DataHubGc

Overview

DataHub GC is a DataHub utility or metadata-focused integration. Learn more in the official DataHub GC documentation.

The DataHub integration for DataHub GC covers metadata entities and operational objects relevant to this connector. Depending on module capabilities, it can also capture features such as lineage, usage, profiling, ownership, tags, and stateful deletion detection.

Concept Mapping

While the specific concept mapping is still pending, this shows the generic concept mapping in DataHub.

Source Concept	DataHub Concept	Notes
Platform/account/project scope	Platform Instance, Container	Organizes assets within the platform context.
Core technical asset (for example table/view/topic/file)	Dataset	Primary ingested technical asset.
Schema fields / columns	SchemaField	Included when schema extraction is supported.
Ownership and collaboration principals	CorpUser, CorpGroup	Emitted by modules that support ownership and identity metadata.
Dependencies and processing relationships	Lineage edges	Available when lineage extraction is supported and enabled.

Module `datahub-gc`

Important Capabilities

Capability metadata is not explicitly declared for this module.
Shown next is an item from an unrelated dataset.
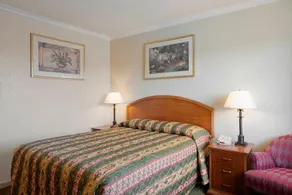 Americas Best Value Inn & Suites-Petaluma - Image 4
Refer to module documentation and configuration sections below.

Overview

The DataHub Garbage Collection (GC) source is a maintenance component responsible for cleaning up various types of metadata to maintain system performance and data quality. It performs multiple cleanup tasks, each focusing on different aspects of DataHub's metadata.

Prerequisites

Before running ingestion, ensure network connectivity to the source, valid authentication credentials, and read permissions for metadata APIs required by this module.

Install the Plugin

pip install 'acryl-datahub[datahub-gc]'

Starter Recipe

Check out the following recipe to get started with ingestion! See below for full configuration options.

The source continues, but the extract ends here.